Born in 1912 in Palo Alto, California, Ollie Johnston attended Stanford University and the Chouinard Art Institute in Los Angeles, studying under Pruett Carter. He joined Walt Disney Studios in 1935, after only one week of training.

Johnston's first assignment at Disney was as an in-betweener on the cartoon short, Mickey's Garden. (An inbetweener is an artist who creates the drawings that appear in-between the extremes of an action that are drawn by animator.) The following year, he was promoted to apprentice animator, working under Fred Moore on such shorts as Pluto's Judgment Day and Mickey's Rival. His first feature-length film was Snow White and Seven Dwarfs followed shortly by Pinocchio.
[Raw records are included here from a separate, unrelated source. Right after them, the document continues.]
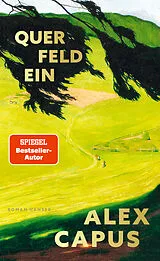 Fester Einband Querfeldein von Alex Capus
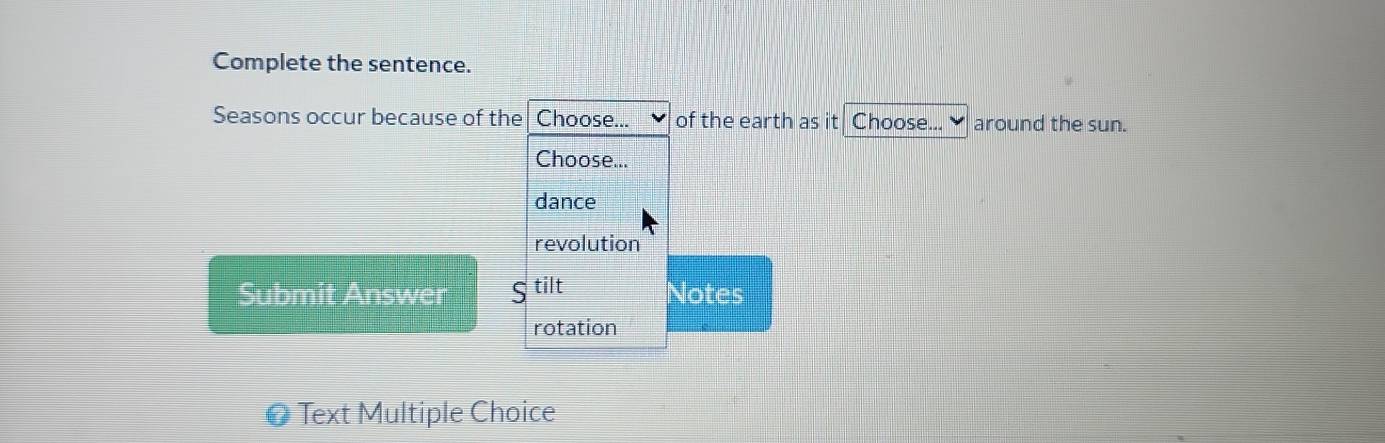 Complete the sentence.
Seasons occur because of the Choose... of the earth as it Choose... around the sun.
Choose...
dance
revolution
Submit Answer ς tilt Notes
rotation
# Text Multiple Choice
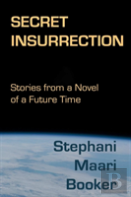 Secret Insurrection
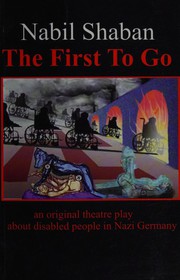 Cover of The first to go by Nabil Shaban
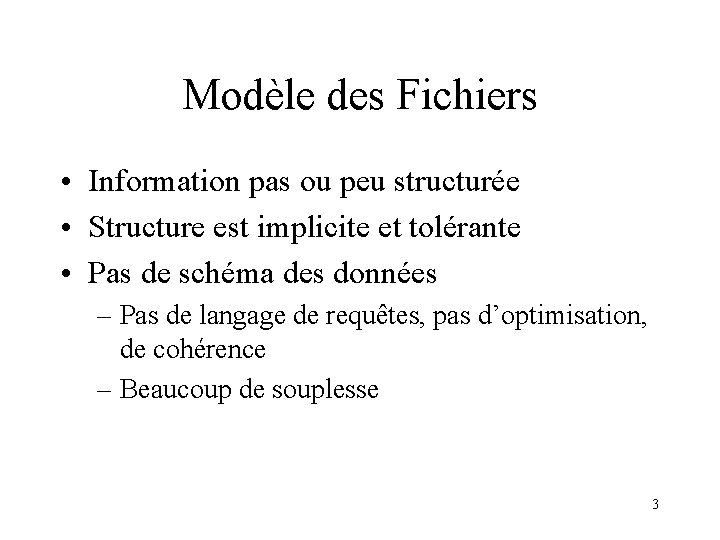 XML et bases de donnes 1 Bilan Modle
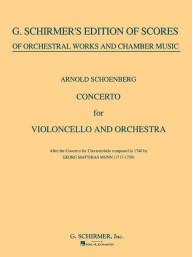 Arnold Schönberg: Concerto for Cello & Orchestra (noty pro violoncello, orchestr, partitura)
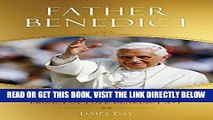 [EBOOK] DOWNLOAD Father Benedict: The Spiritual and Intellectual Legacy of Pope Benedict XVI GET NOW
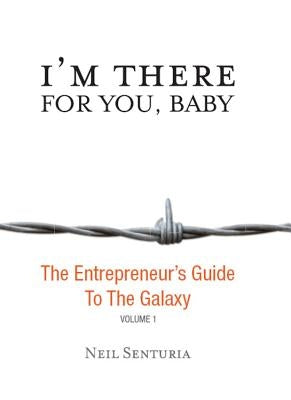 I'm There for You, Baby; The Entrepreneur S Guide to the Galaxy by Senturia, Neil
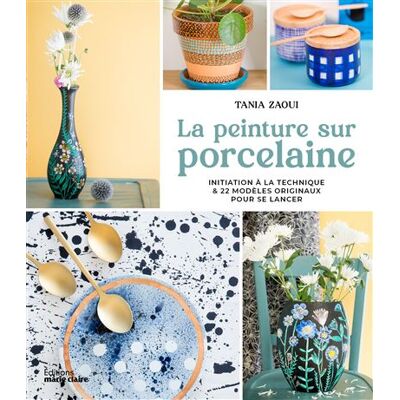 Marie Claire LA PEINTURE SUR PORCELAINE Marie Claire LA PEINTURE SUR PORCELAINE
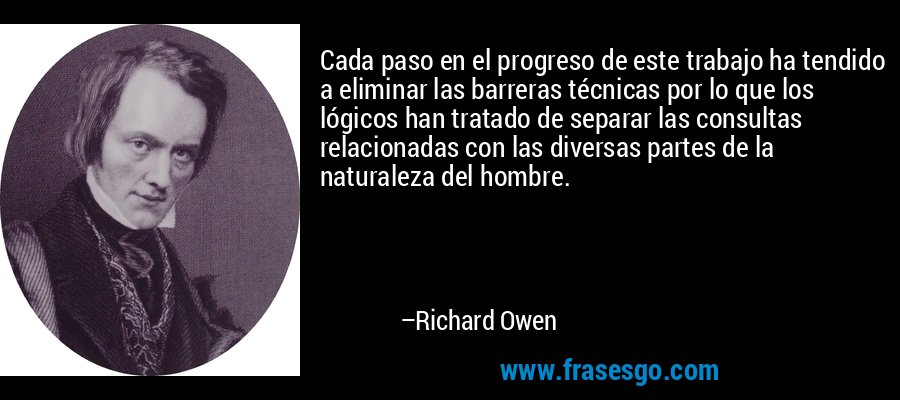 Cada paso en el progreso de este trabajo ha tendido a eliminar las barreras técnicas por lo que los lógicos han tratado de separar las consultas relacionadas con las diversas partes de la naturaleza del hombre. – Richard Owen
His humor, sensitivity and acting abilities proved to have lasting appeal and his skills at communicating these qualities in his drawings earned him a spot as one of Walt Disney's "nine old men." This irreverent reference had nothing to do with age but rather referred to the studio's elite inner circle of animators.

One of Johnston's proudest accomplishments was his work on the 1942 film Bambi, which pushed the art form to new levels in its portrayal of animal realism. In 1946, for the film, Song of the South, Johnston became a directing animator. He served in that capacity until his retirement in January 1978 following work on The Fox and the Hound.

Since retiring from the studio, Johnston has found success as the author of several books on Disney animation (written in collaboration with his lifelong friend and colleague, the late Frank Thomas). His first book, Disney Animation: The Illusion of Life (1981), serves as the definitive treatise on the storytelling, comedic, and drawing principles that help today's animators. Later books include Too Funny For Words (1987), Walt Disney's Bambi, The Story and The Film (1990), and The Disney Villain (1993).

Johnston has inspired and helped train a new generation of animators to continue the Disney tradition and serves as a senior ambassador for the art form he helped pioneer and popularize. The concepts he developed are the basis for animation courses taught in schools today.